Common Dental Implant Questions
How can I tell if I am healthy enough to have dental implants?
If you’re healthy enough for fixed bridgework or routine tooth extractions, you’re probably healthy enough for dental implants.
It’s unusual for patients to have general health conditions capable of making dental implants dangerous. This is why we take a thorough health history before we begin work.
Once you’ve had a thorough examination and a talk with your dentist, periodontist, or oral surgeon, we determine the implant strategy that’s right for you. The major determinant is going to be the amount and location of the available bone structure.
Is there a chance my body will reject the implant?
When you hear the word “rejection” you may be thinking about the condition that sometimes happens during vital organ transplants. But dental implants fall into an entirely different category. Tissue matching and blood typing aren’t a factor in this procedure.
Most of the time, the body completely accepts the placement of all dental implant material within the bone.
Obviously, some dental implants aren’t successful some of the time. But success has a lot to do with proper patient selection, the practitioner’s proficiency with the procedure, and your own commitment to proper hygiene and preventative maintenance.
Commit to regular follow-up care, just as you would for any other dental treatment. We need to keep evaluating soft tissue health and the way your replacement teeth are functioning to ensure long-term success.
How long will implants last?
How long do teeth last? They should last a lifetime.
However, we all can cite examples where teeth have not served for a person’s lifetime. We know that dental problems mostly stem from improper home care or lack of treatment when needed.
The same holds true for implants. With proper care and routine dental check-ups they should last a lifetime.
We can’t give guarantees. Much depends on factors outside our control, like whether you eat right, or practice proper oral hygiene. Your genetics will play a role, as will the overall health of your body.
Thus, nobody really knows how long each individual implant will last. All we can say is we take every step we can take to tip the odds in your favor.
Do implants require special care?
Treat implants as if they’re regular teeth. Return for regular check-ups. Brush and floss. And remember, caring for the gums is the best way to care for one’s teeth. More teeth are lost as a result of gum disease than any other single cause.
Is the placement of implants painful?

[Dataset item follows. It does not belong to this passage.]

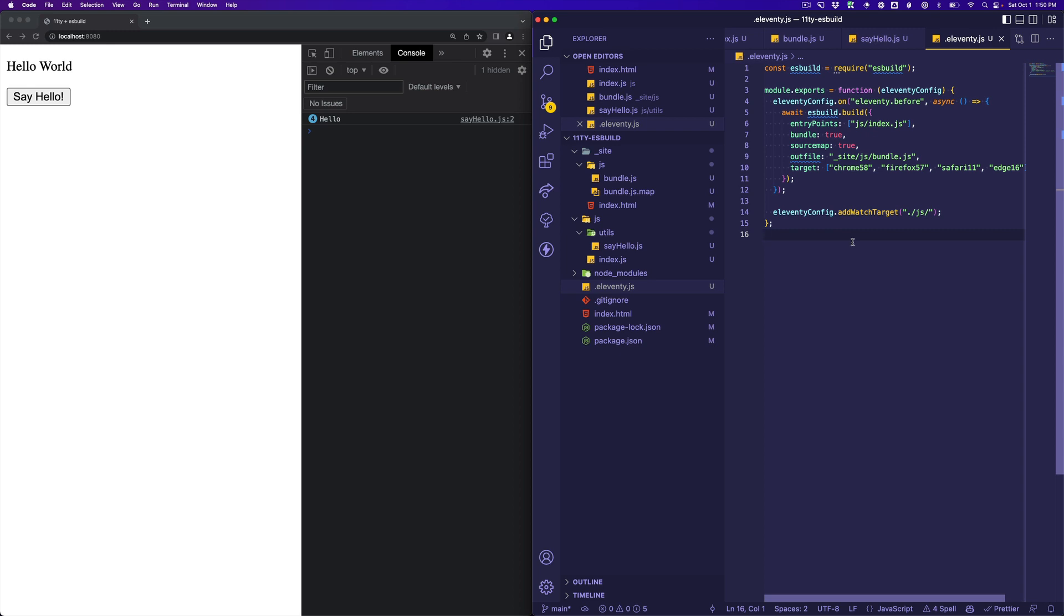So that was a really quick look at how you can add an ESBuild JavaScript bundled pipeline, or yeah, add a JavaScript bundled pipeline using ESBuild to your Eleventy apps. Now go crazy, go make them super interactive and just build some great sites with Eleventy. Thanks for watching.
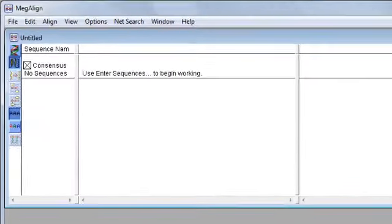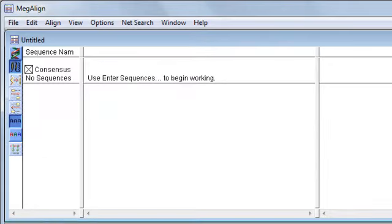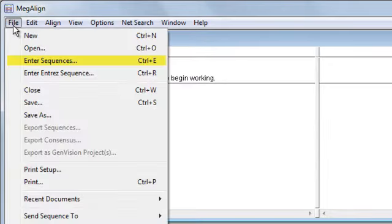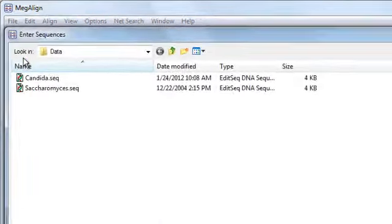The first step is to load your sequences in MegAlign. Do this by going to File, Enter Sequences.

How long does it take?
Implant placement usually does not result in much post-operative discomfort – usually the patient takes Tylenol or Advil for about 2-5 days.
If you’re getting truly extensive treatment, like, for example, if you need bone grafts or a higher-than-average number of implants, then you may take longer to recover.
Anesthesia during the surgery should make the placement procedure pain-free. We are conservative with anesthetic agents and our philosophy is to use the least amount of medication for the patient to comfortably tolerate the procedures.
How long does the whole dental implant process take? Will I be without teeth or unable to eat for a long time?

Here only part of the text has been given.